A civil action accusing Madison County's part-time county attorney of self-dealing has been dismissed because the attorney has paid back some of the money and there is little likelihood the situation will arise again, Albany Supreme Court Justice Michael Lynch (See Profile) has decided.

Mahler v. Campanie, 21502-11, involves a part-time county attorney, John Campanie, who became the target of a taxpayer action. The suit alleged that after an Indian land claim case involving Madison County was referred to Nixon Peabody, the firm in turn cross-referred some of the work to Campanie's private law practice. Campanie revealed the payments—roughly $800,000 over a dozen years—on his annual ethics disclosure form and the payments were approved by the state.

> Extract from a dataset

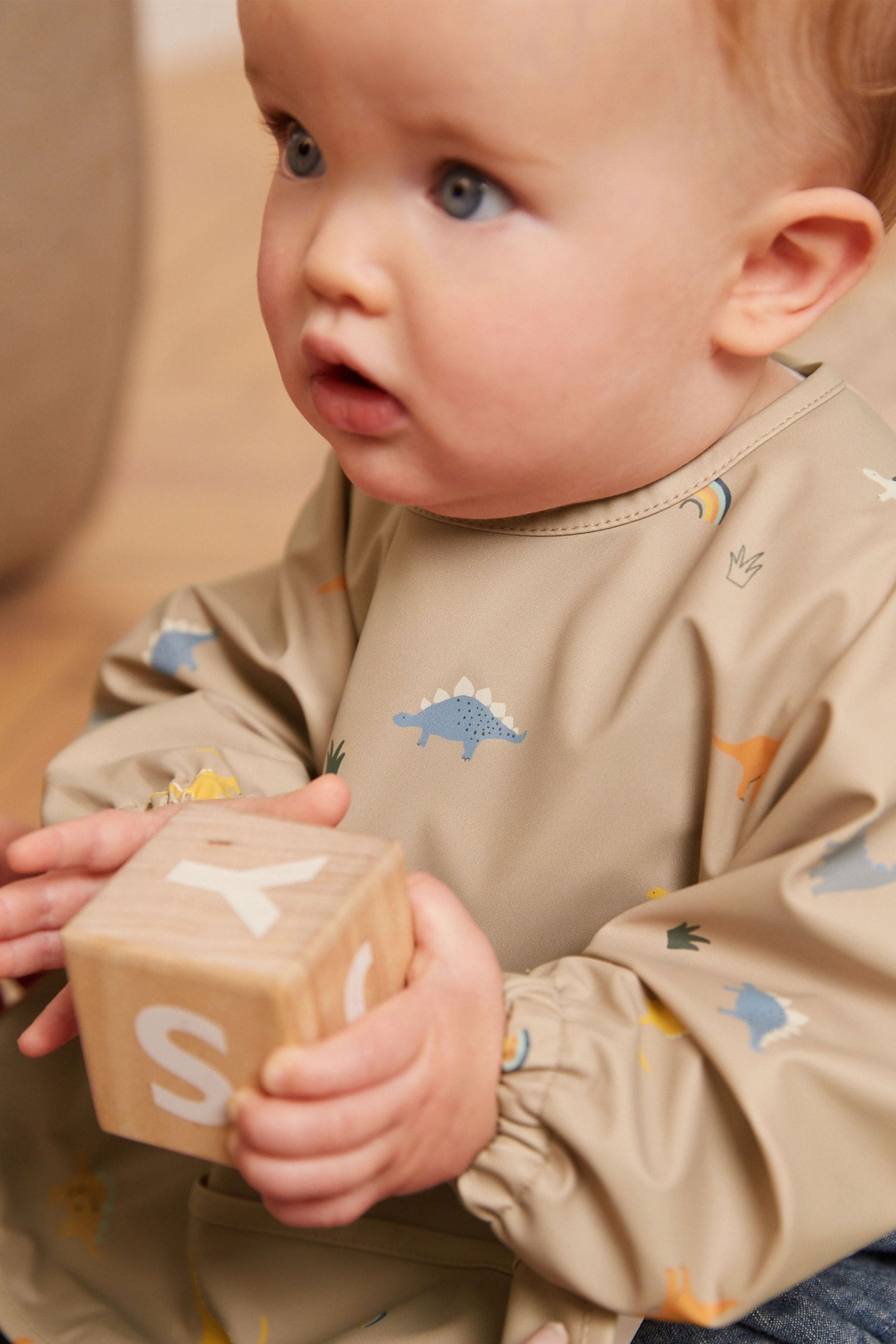 Beige Cream Dinosaur Baby Weaning and Feeding Sleeved Bib (6mths-3yrs)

After the lawsuit was filed, Campanie refunded approximately $30,000, representing the prior year's payment—the only portion at issue because of a one-year statute of limitations. Additionally, Campanie has affirmed that he will not seek future payments from Nixon Peabody, and the state has barred any future payments. Regardless, the plaintiffs sought an injunction and an admission of wrongdoing (NYLJ, Aug. 24).

But Lynch found the claim moot. "This is not a situation where a party, acting alone, has simply discontinued conduct challenged as illegal, leaving open the real prospect of simply resuming the same conduct once the case was dismissed," Lynch wrote. "Here, each participant in the underlying transaction has represented that no further payments…will be made."

Lynch said the refund of a year's payments and discontinuance of future payments renders the case moot. "This holds true even without an express acknowledgment of wrongdoing by the defendants," Lynch wrote.